Menschen aus anderen Ländern, die nach Deutschland kommen, treffen hier auf eine differenzierte Beratungslandschaft, die sie aus ihren Ländern oft nicht kennen. Der Kontakt mit den beratenden Personen ist häufig für sie ein Novum. Sie können die Aufgaben, Funktionen und Kompetenzen dieser Stellen nicht einschätzen.

Im Rahmen der Interkulturellen Woche 2018 hat das Kommunale Integrationszentrum Kreis Gütersloh eine Qualifizierung zur Interkulturellen Kompetenz in der Beratungsarbeit mit Sandra de Vries, interkulturelle Trainerin aus Münster, durchgeführt. Das Interesse an einer solchen Qualifizierung ergab sich im Rahmen des bestehenden Netzwerkes der Beratungsdienste für den Bereich Migration und Integration im Kreis Gütersloh.

Der Erfolg einer Beratung hängt entscheidend davon ab, ob das Gegenüber die beratende Person in ihrer Beraterrolle akzeptiert. "Um sich mit 'Anderen' zu beschäftigen, muss man wissen, wer man selbst ist", so Sandra de Vries. Wenn ich weiß, welche 'kulturelle' Brille ich trage, kann ich die richtigen Fragen stellen, um den Gegenüber abzuholen und in seinen Themen und Anliegen zu beraten.
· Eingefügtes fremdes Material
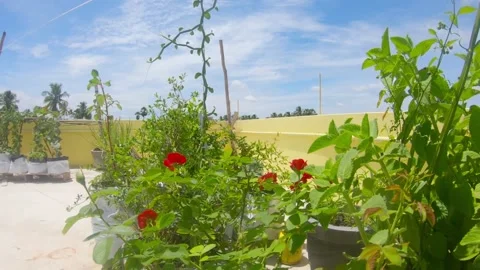 Rose plant 스톡 동영상 152521672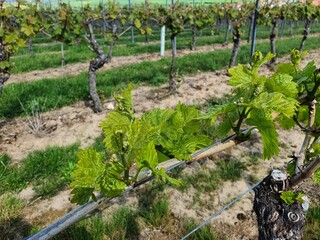 Neuer Blattaustrieb am Weinstock im Frühling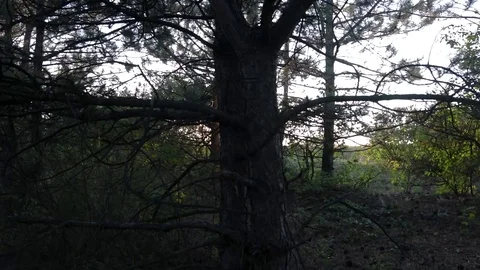 MVI 9368 6 Stock-Footage 118454359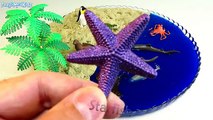 Learn Sea Animals Names Mini Beach Slime Kinetic Sand Safari Ltd Fun Toys For Kids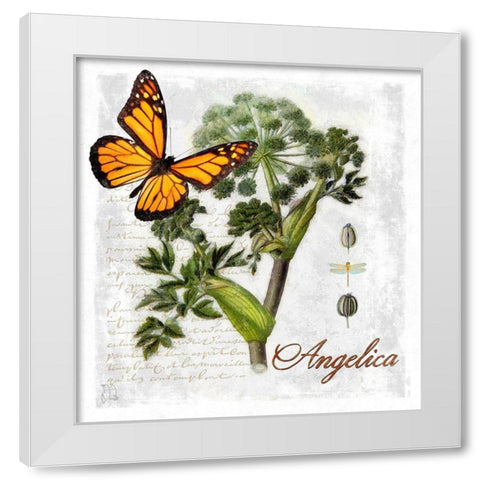 Botanical Gardern Angelica Herb White Modern Wood Framed Art Print by Lavoie, Tina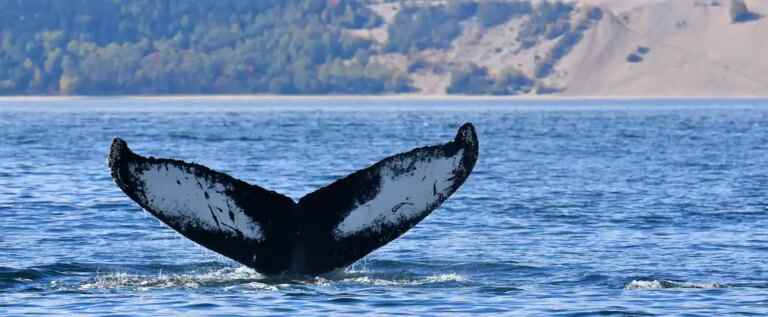 The Saguenay–St. Lawrence Marine Park: the destination par excellence for whale watching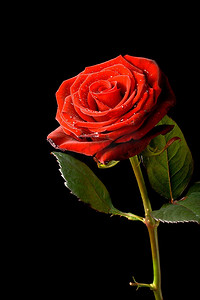 红玫瑰，黑色背景上孤立的水滴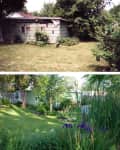 Two garden views with lush greenery, a small shed, and blooming purple irises in the foreground.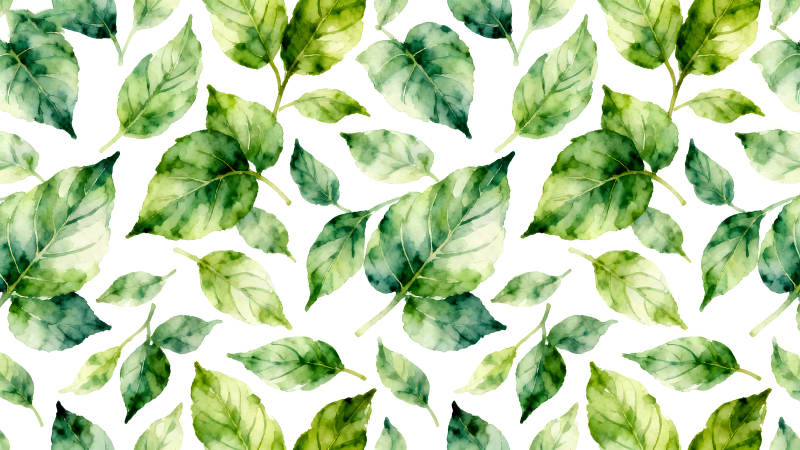 水彩画风绿叶图案-图片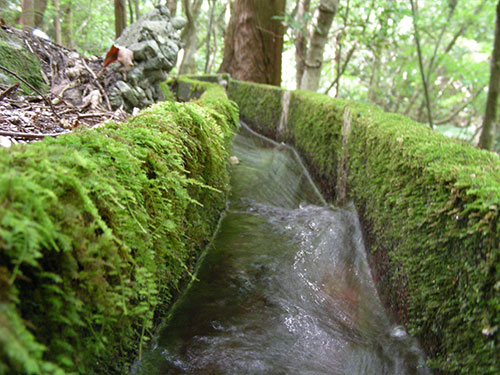 第二観音水の水源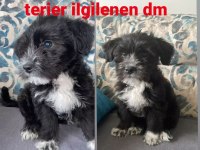 2.5 aylık erkek maltese terier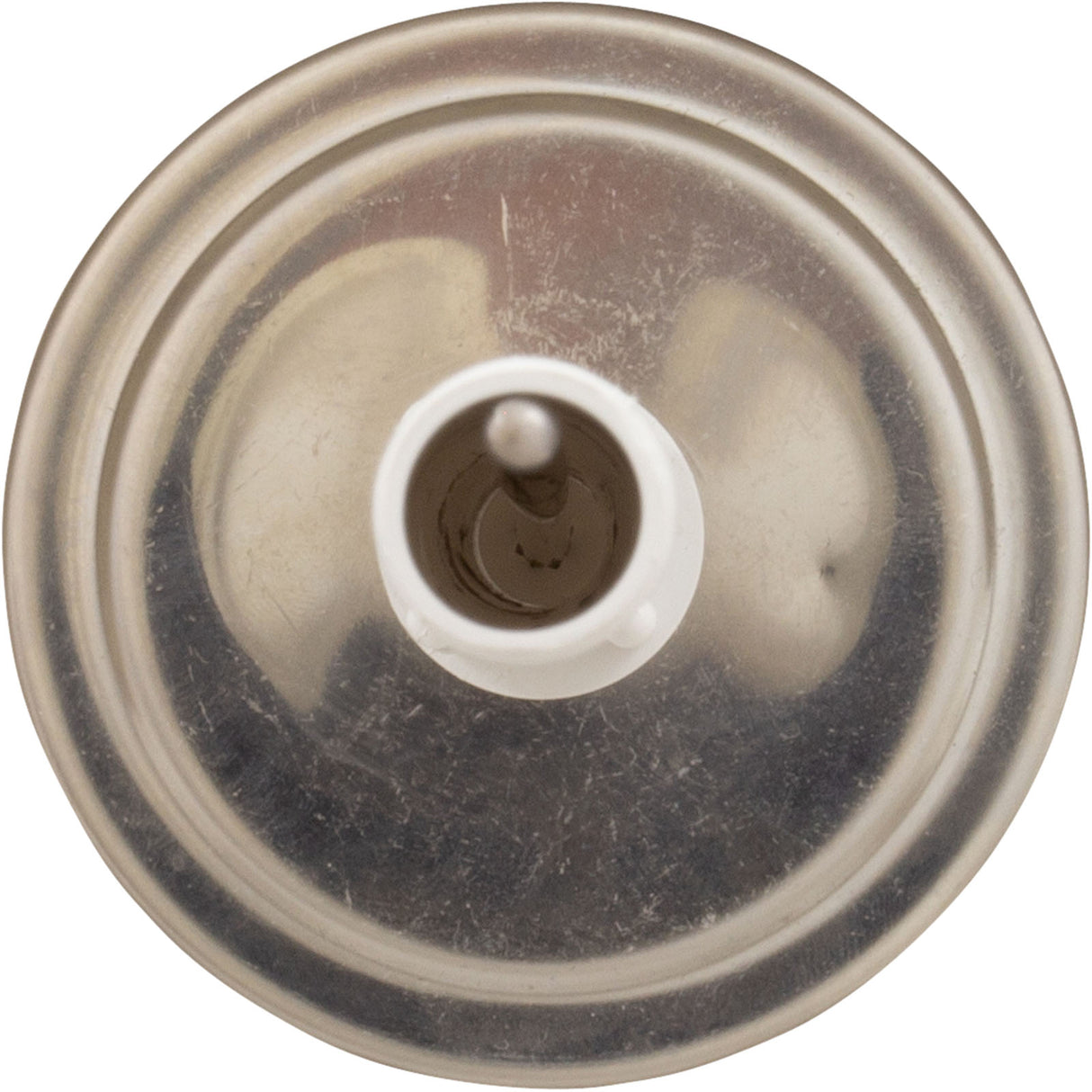 Therm Skmr W/Tube Bshg : SKR - Pentair - 807318013063 - PartsForSpas.com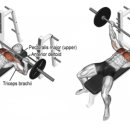 삼정오아시스 이미지
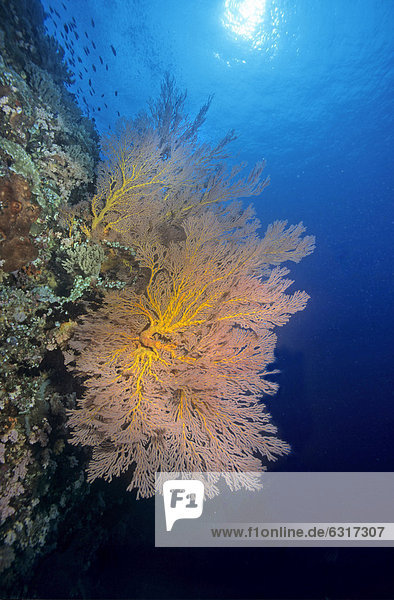 Landschaft Unterwasseraufnahme bunt Koralle Philippinen Asien Weichheit
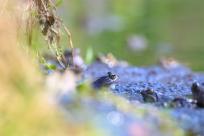 Bielskie Błonia: Poszukiwanie niebieskich żab, niezwykły spektakl natury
Anhand einer Übung haben die 20 Teilnehmenden aus den verschiedenen Beratungsdiensten (Flüchtlingsberatungsstellen, Soziale Begleiter in den Integrationskursen, Integrationsagentur und städtische Mitarbeiter) die eigene kulturelle Identität reflektiert.

Die inneren Bilder, die wir mit uns tragen, wurden auch thematisiert. Der Mensch braucht Vorurteile, um seine Umwelt zu sortieren, aber diese müssen immer wieder hinterfragt und überprüft werden. Dem Anderssein Raum zu geben, war eine wichtige Botschaft der Referentin.

Viele Menschen aus anderen Kulturen benötigen zu Beginn der Beratung den sogenannten Small-Talk, um eine soziale Beziehung aufzubauen. Sie kommen selten aus einer Gesellschaft, die frontal beraten wird. Sich für die Person als Mensch zu interessieren, ist, um Vertrauen zu gewinnen, unabdingbar.

In vielen Kulturen darf nicht jeder über alles reden. Auch der direkte Blickpunkt ist manchmal nicht erwünscht. In kollektivistischen Gesellschaften übernehmen Familienmitglieder die Vertretung von einzelnen Personen.

Die Berater bekamen von Sandra de Vries wichtige Tipps, um die Rahmenbedingungen für eine gute und erfolgreiche Beratung zu gestalten. Grundsätzlich können viele Informationen über das hiesige System nicht vorausgesetzt werden. Umso wichtiger ist es, mit Hilfe von Dritten (z. B. Sprach- und Kulturvermittlern) den Beratungsdienst oder die soziale Dienstleistung immer wieder vorzustellen. Wenn der beratenden Person nicht gelingt, das hiesige System im Ansatz zu vermitteln und eine Vertrauensbeziehung aufzubauen, ist die Beratung zum Scheitern verurteilt.

Die Bereitschaft zum Perspektivenwechsel und eine trainierte Haltung zur Offenheit und Respekt sind die Schlüsselkompetenzen für eine interkulturelle Beratung.